“Anh đi anh nhớ quê nhà. Nhớ canh rau muống, nhớ cà dầm tương”
Every Vietnamese, especially those from the north, know these well-known poetry lines by heart. They mean, “Missing my hometown, missing water morning glory soup and missing eggplant soaked in soya bean sauce.”
For several northerners, rau muong seems to be indispensible in their daily meal. Maybe that is the reason southerners call people from the north “Dan rau muong” (Rau muong residents).
When I was a student, water morning glory was part of my daily meal as the vegetable is inexpensive and can be cooked in many different delicious ways. We can have water morning glory fried with garlic and sometimes cooked with mussel to make a delicious soup.
The most popular way to cook water morning glory is to boil it. We usually boil the vegetable then strain it. The water morning glory is eaten by dipping it into a delicious fish sauce flavored with chilly and garlic cut into small pieces with drops of lemon.

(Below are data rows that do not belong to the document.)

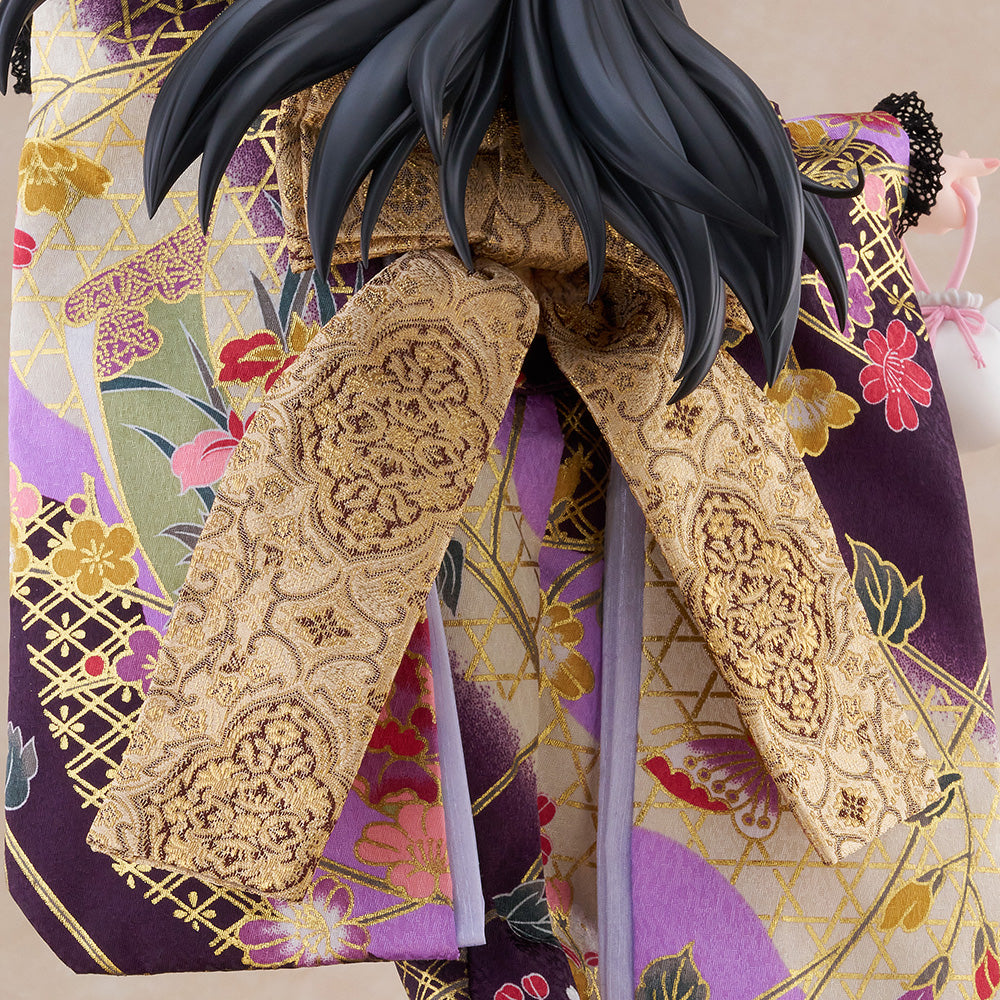 furyu-f-nex-test-figur-anime-sammler-st-ck image 2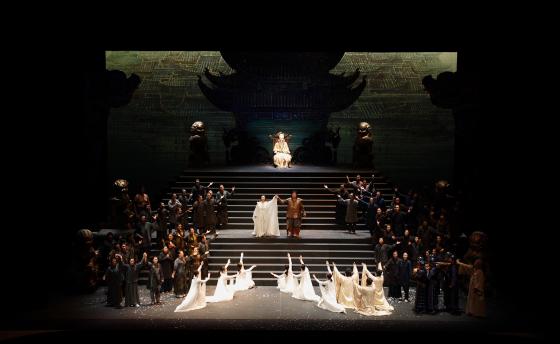 �����Ʈ���� ���� ������� ���뿡 ���� ����� '������Ʈ' ���� ���./��������=�����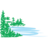 Headwaters State Bank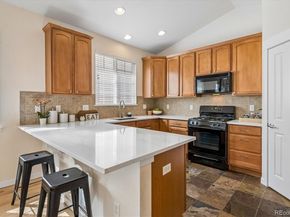 3722 Red Deer Trail, Broomfield CO 80020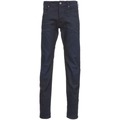 Calças Jeans 3301 TAPERED  Azul Disponível em tamanho para homem. US 36 / 32,US 36 / 34,US 40 / 34,US 29 / 32,US 31 / 34,US 32 / 32,US 33 / 34.Homem > Roupas > Calças Jeans
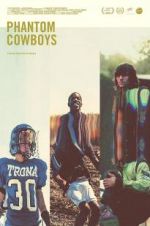 Watch Phantom Cowboys Xmovies8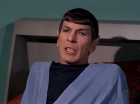 Filename=ariane179254_StarTrek_2x10_TheJourneyToBabel_3215.jpg
Filesize=73KiB
Dimensions=1440x1080
Date added=Jun 27, 2015 ariane179254_StarTrek_2x10_TheJourneyToBabel_3215.jpg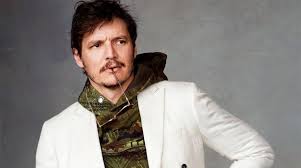 He is best known for portraying the roles of oberyn martell in the fourth season of the hbo series game of thrones (2011), javier peña in the netflix series narcos (2015) and the title character in the disney + series the mandalorian (2019). Narcos Star Pedro Pascal To Play Villain In Equalizer 2 The Statesman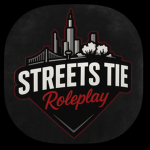 Street Ties RP,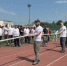 77d21f72-403c-4e57-9835-d3467b060069.jpeg - Правительство КБР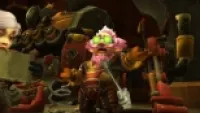 Teaser Bild von Undokumentierte Änderungen in Patch 8.0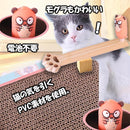 ffffdf97fc9f024fb27ffffbbffefdf5fe07f84fc2b700256327c30649250c061c201f1cfc05c99c1d120a0b0efce9f9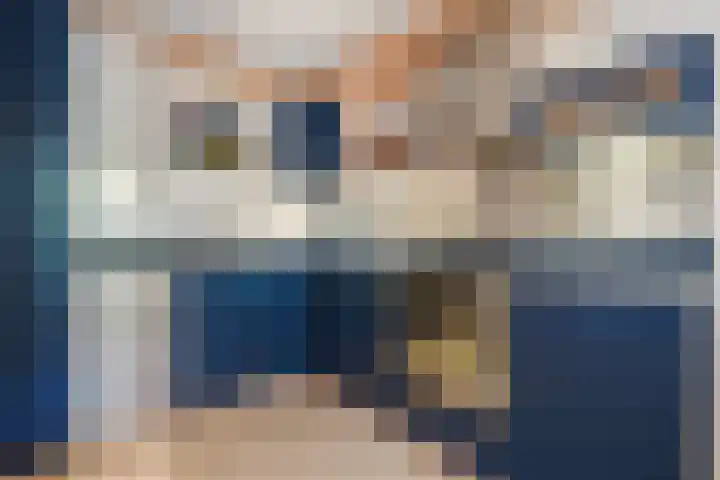 Uiterwaard 34 Zoetermeer thumbnail 19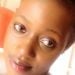 Nalubowa27 is Single in Mukono , Mukono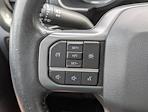 2022 Ford F-150 SuperCrew Cab 4WD Pickup for sale #P10844 - photo 23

The stock water residue left in the pot can also be made into a special soup by adding a little salt, glutamate and some lemon. This soup makes a good lunch dish that can be cooling and appetizing on a scorching summer day.

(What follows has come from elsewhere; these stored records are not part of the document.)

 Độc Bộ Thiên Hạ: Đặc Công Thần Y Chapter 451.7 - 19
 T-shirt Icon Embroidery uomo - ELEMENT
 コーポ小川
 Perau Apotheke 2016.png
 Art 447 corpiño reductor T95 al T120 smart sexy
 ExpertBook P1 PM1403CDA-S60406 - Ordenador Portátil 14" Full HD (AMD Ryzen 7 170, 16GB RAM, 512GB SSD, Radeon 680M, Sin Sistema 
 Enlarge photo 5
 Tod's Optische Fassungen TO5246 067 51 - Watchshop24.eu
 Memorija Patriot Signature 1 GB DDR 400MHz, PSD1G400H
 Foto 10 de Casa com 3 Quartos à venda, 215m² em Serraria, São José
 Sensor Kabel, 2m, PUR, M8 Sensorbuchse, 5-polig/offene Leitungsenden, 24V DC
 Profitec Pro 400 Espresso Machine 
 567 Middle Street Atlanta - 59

My hometown is in the central province of Quang Ngai. I remember my mother cultivating water morning glory on a small field. This vegetable has a special vitality about it.
My family always grew water morning glory for use in our daily meals. We thus did not use any pesticide on the water morning glory patch, being afraid that it would affect our health.
Within one month of sowing, we could harvest the vegetable, which continued to grow from the cut stems of the vegetable. I can still feel the sweet and crispy taste of the vegetable every time I think of it.
We had rau muong every day in meals and my sister sold the surplus in a market close to my house. The vegetable sold out immediately with each bundle selling for about VND1,000 at that time.
Now, whenever I get the time I usually visit my home to have some rau muong grown by my mother.
While in Ho Chi Minh City, I do not have much rau muong as it does not have the same delicious flavor as the one grown in my hometown.